The detention schools are at the very serious end of the spectrum where behaviour is concerned. I have already outlined the changes proposed for detention. We will have a state-of-the-art campus with a state-of-the-art response, and there will be intervention for young people. The outcomes for young people in detention internationally are not good. However, we must ensure that we have the very best model working in the new campus and new units. I acknowledge the change this has meant for the staff in Oberstown. It is important that we change in response to the opportunities that the new campus will present to allow for state-of-the-art intervention for young people. We have had some very difficult discussions, including on changing rosters and on the three units becoming one campus as opposed to three different services. I thank all involved for the progress we are making on the campus regarding these issues.

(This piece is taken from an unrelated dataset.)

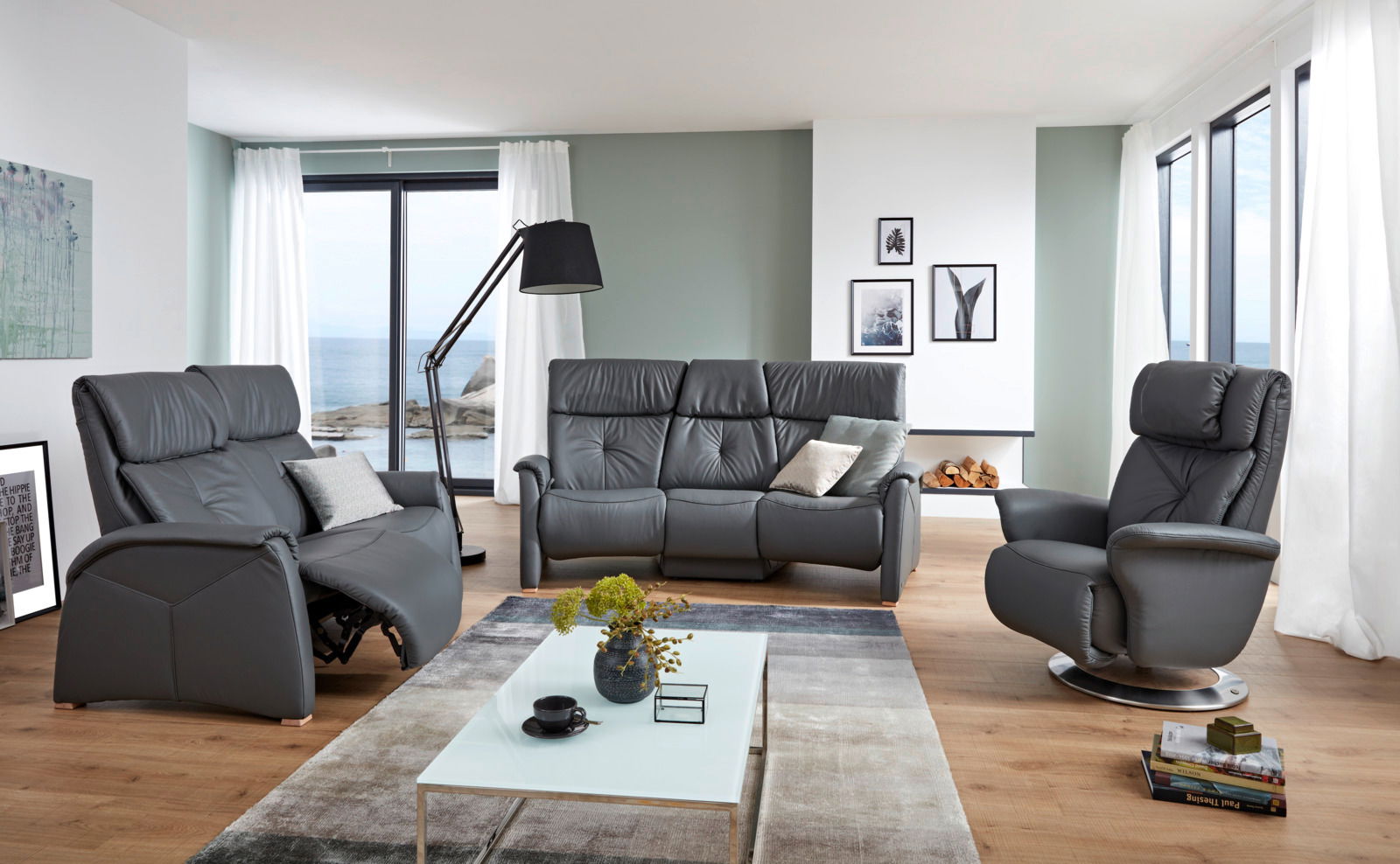 Modernes Wohnzimmer mit einem grauen 3er-Sofa in der Mitte, flankiert von einem Sessel und einem Relaxsessel, mit Blick auf das Meer durch große Fenster.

I hope that gives an idea of the range of services that fall under my Department's remit. We are continuing to work with the board of management and the management of the three detention schools with a view to securing a number of improvements in their operation. We want a more integrated and standardised approach to their work. We want one single, cohesive national detention facility on the Oberstown campus, achieved through the integration of the three detention schools. We also want to see shared services in the detention schools.

There is now a single cross-campus roster for care staff. A central staff allocation office has been established under the Croke Park agreement. This means more flexible deployment of staff, which is important. Work has been done by Ms Janet Hughes, a former rights commissioner who is working with the staff to review the ongoing implementation of the campus roster arrangement and other changes that may be necessary. We recently recruited a new campus manager, Mr. Pat Bergin. I am going into detail on this because I know Senators were interested in some of these issues and have been raising them with me at committee meetings. These are the kinds of initiative that have been developed.

There was a HIQA inspection in Oberstown very recently. The feedback on it was very positive with regard to the operation of the detention schools. Obviously, HIQA reports on our services vary, but this one has shown consistent improvements. The last report was positive. I hope I have been helpful in giving an idea of the developments in the area of youth justice in my Department.